Partiamo dall’inizio: quando ha deciso di diventare vigile urbano?
«In realtà sono laureata in Lettere. Ho lavorato nelle società di consulenza alla pubblica amministrazione, ma diventare vigile era uno dei miei sogni, mi piaceva l’idea del contatto con il pubblico. Ho fatto il concorso nel 2010 e sono stata chiamata dopo sette anni, nel dicembre scorso. Mi sentivo felice come Checco Zalone, dopo anni di attività nel privato. Eppure devo dire che è nel privato che ho ricevuto le maggiori tutele».
Quali sono le maggiori difficoltà per una mamma nella polizia municipale rispetto ad altri lavori?
«Non poter programmare. Conoscere i turni all’ultimo minuto significa doversi organizzare di conseguenza, cercare di sistemare giorno per giorno figli e madre... Avevo chiesto di rinunciare alla turnazione, poi il part time, perfino all’80 per cento, ma hanno preferito perdere una risorsa piuttosto che venirmi incontro».
Che significa perdere una risorsa? Non entrerà in servizio un nuovo vigile?
«No, non funziona così, non si può sostituire così una risorsa. In pratica avranno un vigile in meno».
Le è piaciuto fare il vigile per dieci mesi?
«È stata dura mettersi in gioco, spesso i vigili sono i capri espiatori più facilmente identificabili per i disagi dei cittadini. Ma è un lavoro mai monotono, che ti mette a contatto con la gente e ti fa conoscere in modo nuovo il tuo territorio».
Come è andata con i colleghi? E le colleghe?
«Ho avuto colleghi stupendi, grande calore umano, tutti preparatissimi, con un’alta percentuale di laureati. E le donne le ammiro tantissimo, alcune mamme riescono ad organizzarsi soprattutto con i nonni o con i mariti. Se poi marito e moglie fanno lo stesso lavoro hanno i turni sfalsati».
L’esperienza più bella?
«Aiutare le persone, ma soprattutto avere contatto con i turisti: sono stata in servizio nel quartiere Chiaia, ho vissuto come mai questo territorio».
La più brutta?
«Transennare le strade dove era in corso la deblattizzazione. Un incubo. Ma anche la lotta agli ambulanti, settore in cui si nascondono tante tragedie umane».
Ora cosa farà?
«Proverò a tornare nella società di consulenza per cui lavoravo prima. Lì mi sono sentita una persona, hanno tutelato tutti i miei diritti, nel pubblico spesso ho trovato un muro di gomma. Eppure quando sono entrata, dieci mesi fa, ero in allattamento».
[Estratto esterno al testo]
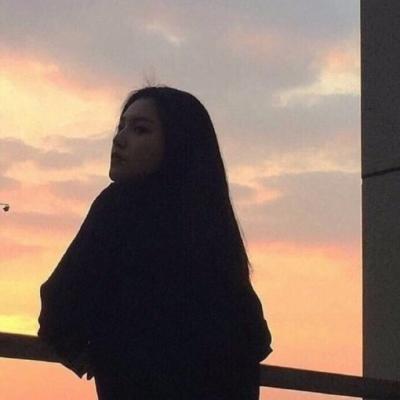 武汉陪游二乘空姐辗迟嘉艺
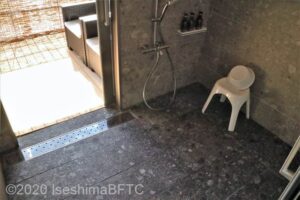 3階特別室　シャワールームと、露天風呂への入口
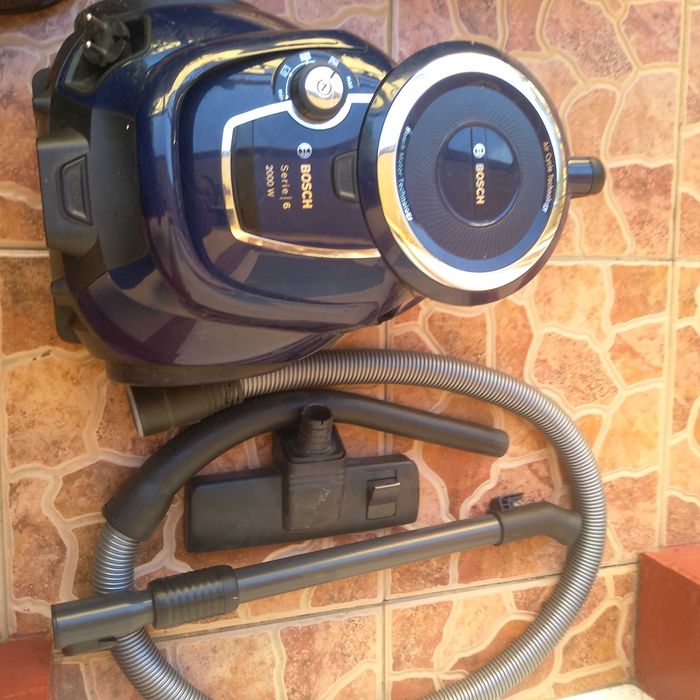 Пылесос BOSCH в отличном состоянии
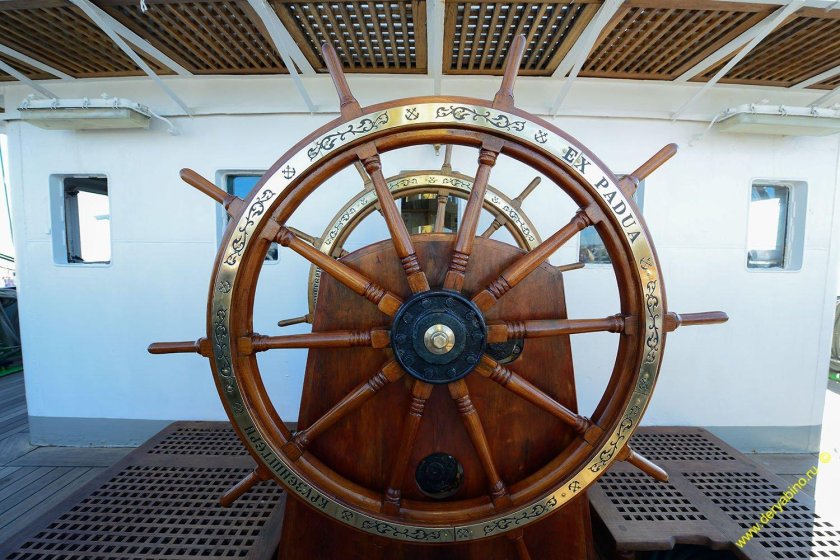 Барк Крузенштерн штурвал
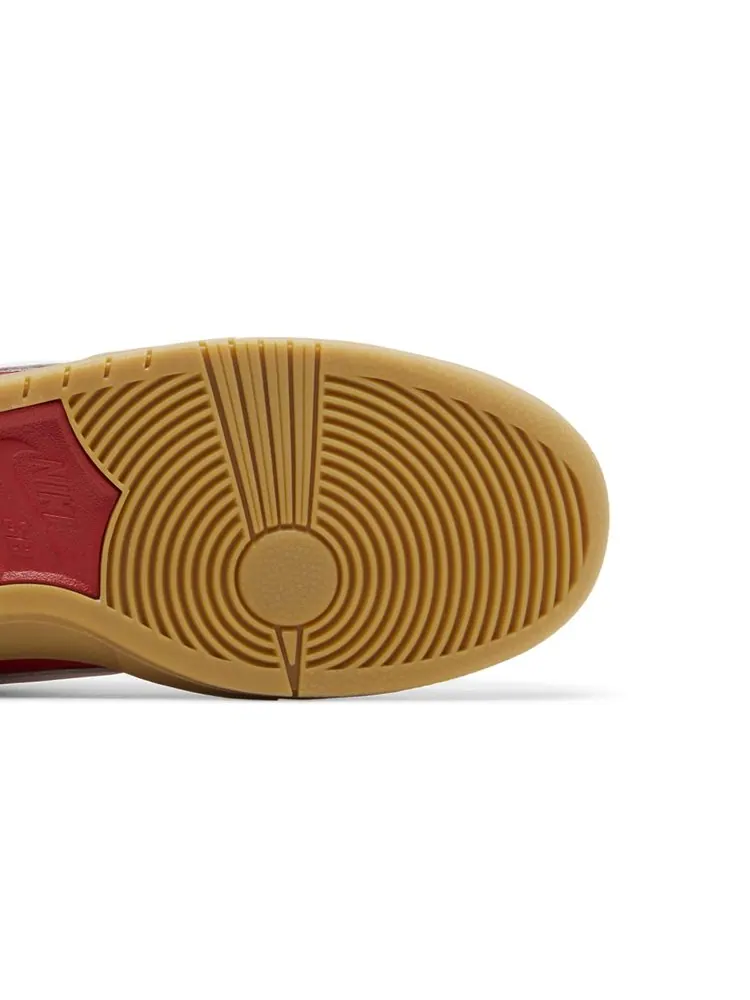 Кроссовки Dunk Low Pro SB 'University Red Gum' — изображение 5 из 8, красный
E la famiglia è d’accordo?
«Abbiamo parlato a lungo di queste mie dimissioni. È stata una decisione condivisa. In particolare, mia madre mi vedeva troppo stressata. I miei bambini invece si divertivano se potevano venire a salutarmi».
Con chi ha parlato della sua situazione prima di licenziarsi?
«Con il capo staff dell’assessore Clemente, con una delegata dell’assessorato alle Pari opportunità, con i sindacati, con i miei capi». Perché ha scritto la lettera a de Magistris? «Perché anche se io esco sconfitta da questa storia, spero che la vicenda possa servire a migliorare le cose per le colleghe che non hanno come me un marito che lavora e un’attività precedente a cui poter tornare.
Qualsiasi datore di lavoro, e a maggior ragione una amministrazione pubblica, dovrebbe avere rispetto per uno dei principi fondanti di un paese civile, quale è quello della tutela della maternità».